_Exercise requirements_.
Please figure out how many lines in the material contain "Design", and give only that number.

** Opening Entries shown block **

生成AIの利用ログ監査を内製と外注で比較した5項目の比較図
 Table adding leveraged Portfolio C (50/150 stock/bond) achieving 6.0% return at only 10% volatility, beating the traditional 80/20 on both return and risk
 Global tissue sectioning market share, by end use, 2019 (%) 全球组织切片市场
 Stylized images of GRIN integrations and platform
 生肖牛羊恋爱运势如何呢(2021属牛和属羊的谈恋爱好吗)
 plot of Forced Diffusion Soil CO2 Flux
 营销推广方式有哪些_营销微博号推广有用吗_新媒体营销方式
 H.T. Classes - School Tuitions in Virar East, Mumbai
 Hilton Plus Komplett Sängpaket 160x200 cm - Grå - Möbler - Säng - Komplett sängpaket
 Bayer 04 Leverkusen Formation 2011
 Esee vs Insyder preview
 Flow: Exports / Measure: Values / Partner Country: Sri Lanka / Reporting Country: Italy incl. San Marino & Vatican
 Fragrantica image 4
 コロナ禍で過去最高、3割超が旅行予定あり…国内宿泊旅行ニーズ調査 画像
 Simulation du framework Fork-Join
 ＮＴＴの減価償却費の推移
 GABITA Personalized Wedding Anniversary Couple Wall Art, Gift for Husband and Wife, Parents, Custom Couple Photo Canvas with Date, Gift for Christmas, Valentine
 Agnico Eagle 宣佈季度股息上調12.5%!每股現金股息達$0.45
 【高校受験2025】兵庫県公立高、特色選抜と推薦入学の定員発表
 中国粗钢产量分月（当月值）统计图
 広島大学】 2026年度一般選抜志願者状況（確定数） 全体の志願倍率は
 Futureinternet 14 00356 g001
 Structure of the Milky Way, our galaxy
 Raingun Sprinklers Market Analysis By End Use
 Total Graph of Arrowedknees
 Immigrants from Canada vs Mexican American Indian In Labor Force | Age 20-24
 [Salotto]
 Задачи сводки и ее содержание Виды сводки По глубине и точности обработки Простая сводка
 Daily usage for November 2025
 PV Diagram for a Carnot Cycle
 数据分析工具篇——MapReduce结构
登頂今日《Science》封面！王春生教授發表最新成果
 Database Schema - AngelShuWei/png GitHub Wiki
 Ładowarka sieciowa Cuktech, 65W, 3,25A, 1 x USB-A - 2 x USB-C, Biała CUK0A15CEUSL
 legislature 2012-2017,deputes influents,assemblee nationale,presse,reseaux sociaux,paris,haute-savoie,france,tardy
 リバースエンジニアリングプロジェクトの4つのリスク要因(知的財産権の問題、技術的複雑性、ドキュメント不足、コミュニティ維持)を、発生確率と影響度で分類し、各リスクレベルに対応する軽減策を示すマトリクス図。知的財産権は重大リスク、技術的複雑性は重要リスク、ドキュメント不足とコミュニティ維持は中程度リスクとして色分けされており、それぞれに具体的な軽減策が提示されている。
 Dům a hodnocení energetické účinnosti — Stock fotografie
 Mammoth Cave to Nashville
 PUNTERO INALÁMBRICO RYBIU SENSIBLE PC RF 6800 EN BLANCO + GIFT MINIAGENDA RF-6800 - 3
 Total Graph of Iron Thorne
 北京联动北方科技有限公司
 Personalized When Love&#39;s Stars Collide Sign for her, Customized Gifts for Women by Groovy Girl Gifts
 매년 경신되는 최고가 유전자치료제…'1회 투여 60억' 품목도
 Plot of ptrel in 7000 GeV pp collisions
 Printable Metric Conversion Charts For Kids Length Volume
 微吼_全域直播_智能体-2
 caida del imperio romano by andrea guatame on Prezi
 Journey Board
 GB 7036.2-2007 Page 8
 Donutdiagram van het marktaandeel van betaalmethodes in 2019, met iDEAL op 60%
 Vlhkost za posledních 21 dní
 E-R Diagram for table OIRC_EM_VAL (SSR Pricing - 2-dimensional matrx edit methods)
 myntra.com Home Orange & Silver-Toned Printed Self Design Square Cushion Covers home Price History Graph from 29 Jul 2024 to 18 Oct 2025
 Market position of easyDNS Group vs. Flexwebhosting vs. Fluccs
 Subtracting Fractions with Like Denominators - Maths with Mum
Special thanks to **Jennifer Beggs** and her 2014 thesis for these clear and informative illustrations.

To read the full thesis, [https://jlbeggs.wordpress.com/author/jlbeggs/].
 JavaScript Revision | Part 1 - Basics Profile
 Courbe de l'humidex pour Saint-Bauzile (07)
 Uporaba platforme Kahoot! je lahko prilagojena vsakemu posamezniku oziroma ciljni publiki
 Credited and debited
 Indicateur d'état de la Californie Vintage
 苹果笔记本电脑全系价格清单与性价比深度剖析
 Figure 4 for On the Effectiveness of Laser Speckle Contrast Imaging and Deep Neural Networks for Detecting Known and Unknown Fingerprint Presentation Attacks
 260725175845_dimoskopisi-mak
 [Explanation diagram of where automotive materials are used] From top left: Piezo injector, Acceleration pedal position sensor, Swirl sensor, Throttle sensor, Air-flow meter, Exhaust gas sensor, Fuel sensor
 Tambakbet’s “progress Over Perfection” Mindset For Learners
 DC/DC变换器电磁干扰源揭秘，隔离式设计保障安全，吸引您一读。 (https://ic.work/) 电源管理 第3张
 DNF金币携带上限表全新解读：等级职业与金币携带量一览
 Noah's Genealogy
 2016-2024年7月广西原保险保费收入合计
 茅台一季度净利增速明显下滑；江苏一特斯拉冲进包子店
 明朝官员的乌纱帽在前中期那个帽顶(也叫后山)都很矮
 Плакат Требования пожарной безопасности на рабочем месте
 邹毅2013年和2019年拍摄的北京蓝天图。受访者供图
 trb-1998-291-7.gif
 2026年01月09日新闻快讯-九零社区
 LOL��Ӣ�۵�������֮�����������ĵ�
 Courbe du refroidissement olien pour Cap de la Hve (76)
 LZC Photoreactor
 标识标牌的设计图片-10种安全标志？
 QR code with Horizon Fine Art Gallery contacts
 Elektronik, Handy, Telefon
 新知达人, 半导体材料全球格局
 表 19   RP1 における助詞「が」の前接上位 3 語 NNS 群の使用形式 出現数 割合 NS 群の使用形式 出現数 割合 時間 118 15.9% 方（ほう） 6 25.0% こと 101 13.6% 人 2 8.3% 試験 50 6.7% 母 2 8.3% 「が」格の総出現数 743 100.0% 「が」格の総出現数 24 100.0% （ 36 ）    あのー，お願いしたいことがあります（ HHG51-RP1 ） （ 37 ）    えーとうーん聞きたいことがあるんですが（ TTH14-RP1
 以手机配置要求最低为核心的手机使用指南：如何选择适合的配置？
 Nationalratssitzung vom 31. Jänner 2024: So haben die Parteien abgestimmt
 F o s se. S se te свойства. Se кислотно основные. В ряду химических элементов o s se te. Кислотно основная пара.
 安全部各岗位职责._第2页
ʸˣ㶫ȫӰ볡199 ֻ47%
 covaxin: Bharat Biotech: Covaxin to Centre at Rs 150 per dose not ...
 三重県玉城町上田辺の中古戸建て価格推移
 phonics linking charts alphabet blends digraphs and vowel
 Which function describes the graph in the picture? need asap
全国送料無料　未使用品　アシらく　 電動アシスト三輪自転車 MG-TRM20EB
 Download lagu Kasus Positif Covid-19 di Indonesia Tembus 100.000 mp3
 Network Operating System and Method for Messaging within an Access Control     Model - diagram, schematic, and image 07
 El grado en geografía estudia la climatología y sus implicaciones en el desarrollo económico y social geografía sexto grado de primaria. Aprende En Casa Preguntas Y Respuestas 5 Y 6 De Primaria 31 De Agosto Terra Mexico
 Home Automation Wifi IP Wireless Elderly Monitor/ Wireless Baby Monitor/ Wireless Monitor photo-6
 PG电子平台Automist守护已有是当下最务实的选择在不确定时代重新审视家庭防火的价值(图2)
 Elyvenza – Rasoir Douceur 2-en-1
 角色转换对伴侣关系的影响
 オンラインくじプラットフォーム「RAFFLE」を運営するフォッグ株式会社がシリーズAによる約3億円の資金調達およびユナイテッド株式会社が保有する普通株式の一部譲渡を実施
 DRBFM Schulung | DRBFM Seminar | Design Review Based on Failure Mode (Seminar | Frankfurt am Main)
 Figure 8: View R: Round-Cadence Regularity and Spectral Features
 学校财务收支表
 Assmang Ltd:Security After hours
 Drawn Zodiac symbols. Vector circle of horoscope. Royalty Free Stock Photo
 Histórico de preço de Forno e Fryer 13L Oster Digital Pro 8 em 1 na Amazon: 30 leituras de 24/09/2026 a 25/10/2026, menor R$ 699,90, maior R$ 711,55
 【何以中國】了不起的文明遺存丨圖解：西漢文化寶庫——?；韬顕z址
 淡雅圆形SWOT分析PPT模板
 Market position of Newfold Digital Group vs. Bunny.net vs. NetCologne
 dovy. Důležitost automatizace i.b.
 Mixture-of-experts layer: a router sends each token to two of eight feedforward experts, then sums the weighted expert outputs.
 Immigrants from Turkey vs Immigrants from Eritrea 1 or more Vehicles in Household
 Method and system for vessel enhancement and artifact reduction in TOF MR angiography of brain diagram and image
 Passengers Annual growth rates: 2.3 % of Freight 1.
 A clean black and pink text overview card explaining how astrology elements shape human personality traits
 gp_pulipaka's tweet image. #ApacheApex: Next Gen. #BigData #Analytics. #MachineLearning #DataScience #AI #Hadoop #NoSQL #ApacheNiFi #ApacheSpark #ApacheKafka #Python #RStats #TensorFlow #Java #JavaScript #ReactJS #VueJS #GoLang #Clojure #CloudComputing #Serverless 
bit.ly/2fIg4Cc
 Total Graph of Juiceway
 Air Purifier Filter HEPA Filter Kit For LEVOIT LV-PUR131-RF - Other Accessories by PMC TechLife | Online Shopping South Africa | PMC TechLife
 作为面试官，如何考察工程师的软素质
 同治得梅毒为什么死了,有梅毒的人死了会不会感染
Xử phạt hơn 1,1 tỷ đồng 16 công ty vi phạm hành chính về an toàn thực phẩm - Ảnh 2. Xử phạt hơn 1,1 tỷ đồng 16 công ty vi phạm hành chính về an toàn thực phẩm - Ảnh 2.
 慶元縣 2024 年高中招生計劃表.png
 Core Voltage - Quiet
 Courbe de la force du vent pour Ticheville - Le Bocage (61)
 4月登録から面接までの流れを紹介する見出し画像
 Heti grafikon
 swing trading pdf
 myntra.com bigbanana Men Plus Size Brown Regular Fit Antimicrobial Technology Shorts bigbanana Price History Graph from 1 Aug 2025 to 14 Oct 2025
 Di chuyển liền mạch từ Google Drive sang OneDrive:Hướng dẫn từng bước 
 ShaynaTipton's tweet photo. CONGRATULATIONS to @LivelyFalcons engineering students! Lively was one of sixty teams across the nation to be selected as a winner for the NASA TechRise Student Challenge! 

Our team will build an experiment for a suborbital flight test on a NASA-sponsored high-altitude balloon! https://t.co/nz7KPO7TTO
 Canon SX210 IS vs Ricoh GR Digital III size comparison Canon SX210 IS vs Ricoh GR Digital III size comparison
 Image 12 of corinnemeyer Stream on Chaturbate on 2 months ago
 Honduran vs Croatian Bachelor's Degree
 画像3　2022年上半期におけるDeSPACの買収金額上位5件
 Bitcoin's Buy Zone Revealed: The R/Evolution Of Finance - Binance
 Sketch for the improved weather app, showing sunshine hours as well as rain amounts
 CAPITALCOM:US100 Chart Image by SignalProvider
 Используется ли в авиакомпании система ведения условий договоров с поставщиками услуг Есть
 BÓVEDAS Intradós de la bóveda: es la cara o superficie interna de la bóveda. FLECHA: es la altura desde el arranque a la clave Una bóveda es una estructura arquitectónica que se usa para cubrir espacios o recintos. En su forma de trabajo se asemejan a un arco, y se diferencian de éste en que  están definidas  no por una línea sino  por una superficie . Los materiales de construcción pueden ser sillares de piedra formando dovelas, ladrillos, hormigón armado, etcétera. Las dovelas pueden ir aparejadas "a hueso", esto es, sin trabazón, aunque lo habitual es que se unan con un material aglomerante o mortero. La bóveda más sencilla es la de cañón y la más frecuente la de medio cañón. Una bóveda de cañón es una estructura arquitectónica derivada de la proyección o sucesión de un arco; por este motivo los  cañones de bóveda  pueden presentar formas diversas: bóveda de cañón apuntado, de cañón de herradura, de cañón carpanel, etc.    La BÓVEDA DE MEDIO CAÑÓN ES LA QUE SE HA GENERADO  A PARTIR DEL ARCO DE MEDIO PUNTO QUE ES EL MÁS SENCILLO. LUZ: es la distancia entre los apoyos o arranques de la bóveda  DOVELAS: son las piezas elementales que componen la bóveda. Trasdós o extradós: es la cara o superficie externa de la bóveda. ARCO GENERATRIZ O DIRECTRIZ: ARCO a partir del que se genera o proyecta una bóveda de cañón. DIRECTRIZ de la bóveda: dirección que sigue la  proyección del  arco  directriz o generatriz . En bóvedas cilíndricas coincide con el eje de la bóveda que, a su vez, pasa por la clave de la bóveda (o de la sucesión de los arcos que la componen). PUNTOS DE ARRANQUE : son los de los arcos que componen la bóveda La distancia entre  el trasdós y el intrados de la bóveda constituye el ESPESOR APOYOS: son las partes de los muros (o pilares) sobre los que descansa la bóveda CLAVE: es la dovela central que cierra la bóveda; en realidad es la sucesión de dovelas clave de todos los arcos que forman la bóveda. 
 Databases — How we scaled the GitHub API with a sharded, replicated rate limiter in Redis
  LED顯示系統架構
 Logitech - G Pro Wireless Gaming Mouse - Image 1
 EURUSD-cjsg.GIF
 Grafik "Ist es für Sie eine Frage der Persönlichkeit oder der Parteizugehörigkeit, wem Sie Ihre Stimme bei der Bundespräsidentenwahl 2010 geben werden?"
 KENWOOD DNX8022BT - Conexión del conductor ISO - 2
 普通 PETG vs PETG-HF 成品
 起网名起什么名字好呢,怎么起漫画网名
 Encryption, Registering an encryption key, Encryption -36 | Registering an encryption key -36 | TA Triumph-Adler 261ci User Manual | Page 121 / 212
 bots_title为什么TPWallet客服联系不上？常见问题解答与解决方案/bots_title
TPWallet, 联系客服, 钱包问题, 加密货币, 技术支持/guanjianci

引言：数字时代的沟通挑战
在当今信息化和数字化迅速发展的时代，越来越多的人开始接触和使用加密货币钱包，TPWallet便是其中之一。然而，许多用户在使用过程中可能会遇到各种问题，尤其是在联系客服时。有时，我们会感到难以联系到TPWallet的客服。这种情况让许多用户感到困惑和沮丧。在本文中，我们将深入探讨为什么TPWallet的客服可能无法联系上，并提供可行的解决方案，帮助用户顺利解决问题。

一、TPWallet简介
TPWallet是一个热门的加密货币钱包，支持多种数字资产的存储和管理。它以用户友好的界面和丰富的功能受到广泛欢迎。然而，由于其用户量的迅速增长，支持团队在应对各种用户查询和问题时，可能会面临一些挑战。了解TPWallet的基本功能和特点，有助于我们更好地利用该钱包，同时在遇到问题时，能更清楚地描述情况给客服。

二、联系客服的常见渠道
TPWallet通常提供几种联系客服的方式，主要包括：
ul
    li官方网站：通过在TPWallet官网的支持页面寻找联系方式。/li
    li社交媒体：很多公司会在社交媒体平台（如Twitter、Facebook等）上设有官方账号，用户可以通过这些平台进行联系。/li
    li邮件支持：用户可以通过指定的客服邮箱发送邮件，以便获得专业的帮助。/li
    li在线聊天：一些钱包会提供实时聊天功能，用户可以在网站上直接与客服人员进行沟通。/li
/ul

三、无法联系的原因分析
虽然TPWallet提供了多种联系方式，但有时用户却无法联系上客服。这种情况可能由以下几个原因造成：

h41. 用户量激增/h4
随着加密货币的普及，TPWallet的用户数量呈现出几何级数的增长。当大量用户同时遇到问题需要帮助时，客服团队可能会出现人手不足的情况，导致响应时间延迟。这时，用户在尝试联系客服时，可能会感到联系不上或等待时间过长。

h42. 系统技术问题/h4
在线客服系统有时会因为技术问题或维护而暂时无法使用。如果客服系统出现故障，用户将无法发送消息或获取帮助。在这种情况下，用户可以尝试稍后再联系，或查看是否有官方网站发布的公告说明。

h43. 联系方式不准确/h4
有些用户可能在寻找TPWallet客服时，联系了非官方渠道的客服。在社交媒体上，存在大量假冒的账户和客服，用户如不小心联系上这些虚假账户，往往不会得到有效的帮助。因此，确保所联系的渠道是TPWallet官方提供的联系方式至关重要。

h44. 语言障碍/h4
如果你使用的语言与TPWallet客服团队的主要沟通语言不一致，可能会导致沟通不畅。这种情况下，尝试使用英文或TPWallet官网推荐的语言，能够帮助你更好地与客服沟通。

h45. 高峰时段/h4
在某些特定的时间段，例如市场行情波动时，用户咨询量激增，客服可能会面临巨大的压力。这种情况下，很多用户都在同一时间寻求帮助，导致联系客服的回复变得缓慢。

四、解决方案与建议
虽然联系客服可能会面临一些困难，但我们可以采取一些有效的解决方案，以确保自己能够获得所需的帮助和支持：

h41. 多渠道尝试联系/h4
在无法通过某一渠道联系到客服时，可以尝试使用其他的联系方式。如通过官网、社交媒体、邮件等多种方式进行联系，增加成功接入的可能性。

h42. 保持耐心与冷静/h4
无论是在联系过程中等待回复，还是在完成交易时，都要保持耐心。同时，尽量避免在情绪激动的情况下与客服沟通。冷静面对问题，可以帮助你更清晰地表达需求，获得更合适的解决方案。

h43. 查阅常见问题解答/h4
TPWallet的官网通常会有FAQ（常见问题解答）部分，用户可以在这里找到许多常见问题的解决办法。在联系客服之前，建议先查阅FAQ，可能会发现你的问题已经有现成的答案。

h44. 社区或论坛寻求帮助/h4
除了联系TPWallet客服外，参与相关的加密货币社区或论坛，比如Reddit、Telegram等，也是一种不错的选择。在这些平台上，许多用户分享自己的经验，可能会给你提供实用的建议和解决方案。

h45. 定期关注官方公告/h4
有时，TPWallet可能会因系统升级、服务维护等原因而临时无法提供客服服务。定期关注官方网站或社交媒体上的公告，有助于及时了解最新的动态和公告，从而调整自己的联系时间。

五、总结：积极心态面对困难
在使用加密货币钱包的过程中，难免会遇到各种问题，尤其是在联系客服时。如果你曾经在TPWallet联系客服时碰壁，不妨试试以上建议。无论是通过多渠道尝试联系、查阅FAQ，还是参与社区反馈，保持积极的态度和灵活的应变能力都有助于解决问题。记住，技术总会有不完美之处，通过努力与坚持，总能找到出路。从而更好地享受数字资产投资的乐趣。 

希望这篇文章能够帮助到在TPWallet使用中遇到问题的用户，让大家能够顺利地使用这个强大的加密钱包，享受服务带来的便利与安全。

** Closing Entries shown block **

_Problem solution_.
2